Tuesday, June 23, 2009
Alphonse "Bois Sec" Ardoin was born November 16, 1915, in l'Anse de 'Prien Noir (Black Cyprian's Cove) near Bayou Duralde, Louisiana. Duralde is an unincorporated village between the towns of Mamou and Basile on the southwestern prairies of Louisiana. Within Duralde are a number of anses (coves) or small settlements. Family history tells that Ardoin's great-great-grandfather Cyprian settled in the area in the 1830s. The family has lived in the village since then.
For many years, the Ardoin family sharecropped fields, raising rice or soybeans or using the land for grazing, depending on the year and the season. Ardoin's nickname, "Bois Sec" (dry wood), was given to him as a child because, he said, he was always the first to the barn when a rainstorm interrupted work in the fields.
When Ardoin was about two years old, his father died. His mother took a job doing laundry for a white family to earn money. Ardoin's older brother hired himself out to help support the family. When Bois Sec was about seven, he started to take his older brother's accordion and hide in the barn to practice. The young Ardoin didn't realize that his sound carried, and one day he got caught. "I didn't know that when you're high up, you can see far, but the sound carries far as well," he recalled. But his brother was impressed and, instead of getting angry, gave him permission to keep using his accordion.

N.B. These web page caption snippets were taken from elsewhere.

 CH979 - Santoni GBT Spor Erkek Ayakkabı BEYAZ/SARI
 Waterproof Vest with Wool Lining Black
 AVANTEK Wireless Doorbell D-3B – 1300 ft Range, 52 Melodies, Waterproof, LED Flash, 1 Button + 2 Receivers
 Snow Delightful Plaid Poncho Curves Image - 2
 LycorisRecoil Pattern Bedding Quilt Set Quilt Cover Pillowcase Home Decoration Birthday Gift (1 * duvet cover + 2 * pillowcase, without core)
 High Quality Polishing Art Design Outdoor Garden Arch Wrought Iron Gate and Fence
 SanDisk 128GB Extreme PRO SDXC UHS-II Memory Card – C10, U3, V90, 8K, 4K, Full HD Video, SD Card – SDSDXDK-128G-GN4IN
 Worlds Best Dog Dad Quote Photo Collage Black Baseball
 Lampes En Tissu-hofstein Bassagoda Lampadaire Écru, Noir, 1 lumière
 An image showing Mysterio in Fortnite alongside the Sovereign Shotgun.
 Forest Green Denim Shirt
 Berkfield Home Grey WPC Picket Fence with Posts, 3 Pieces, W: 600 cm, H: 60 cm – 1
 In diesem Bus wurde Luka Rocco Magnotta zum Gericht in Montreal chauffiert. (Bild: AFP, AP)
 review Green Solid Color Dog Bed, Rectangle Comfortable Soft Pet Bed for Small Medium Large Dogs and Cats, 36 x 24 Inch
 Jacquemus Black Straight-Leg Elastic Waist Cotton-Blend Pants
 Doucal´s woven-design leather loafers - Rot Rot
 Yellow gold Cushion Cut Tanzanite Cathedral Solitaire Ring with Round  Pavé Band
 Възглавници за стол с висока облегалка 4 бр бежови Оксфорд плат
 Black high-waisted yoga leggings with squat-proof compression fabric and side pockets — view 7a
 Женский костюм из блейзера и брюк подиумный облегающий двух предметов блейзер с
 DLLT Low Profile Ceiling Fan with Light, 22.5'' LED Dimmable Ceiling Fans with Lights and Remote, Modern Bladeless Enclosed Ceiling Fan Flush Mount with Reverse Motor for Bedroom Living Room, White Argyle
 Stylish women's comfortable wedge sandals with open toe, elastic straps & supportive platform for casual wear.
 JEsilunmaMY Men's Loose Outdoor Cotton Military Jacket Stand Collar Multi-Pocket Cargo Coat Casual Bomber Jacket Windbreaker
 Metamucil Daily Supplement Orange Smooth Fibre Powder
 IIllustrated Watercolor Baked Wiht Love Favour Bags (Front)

As a young man, Bois Sec often joined his first cousin, Amédé Ardoin, at dance parties, where he played accordion. Amédé was well known in the area and was the first French-speaking black musician to make 78 rpm recordings in the 1930s. Bois Sec played the triangle for Amédé and watched him play the accordion. Eventually, Bois Sec was able to buy his own instrument. "I bought one from one of my cousins," he said. "I paid three dollars for it. Boy, I was really proud of my accordion. I had gotten a job paying 50 cents. When I finished my work, I had three dollars. I had a little cinnamon-colored swayback horse. I rode it about 10 miles down the road to buy that first accordion."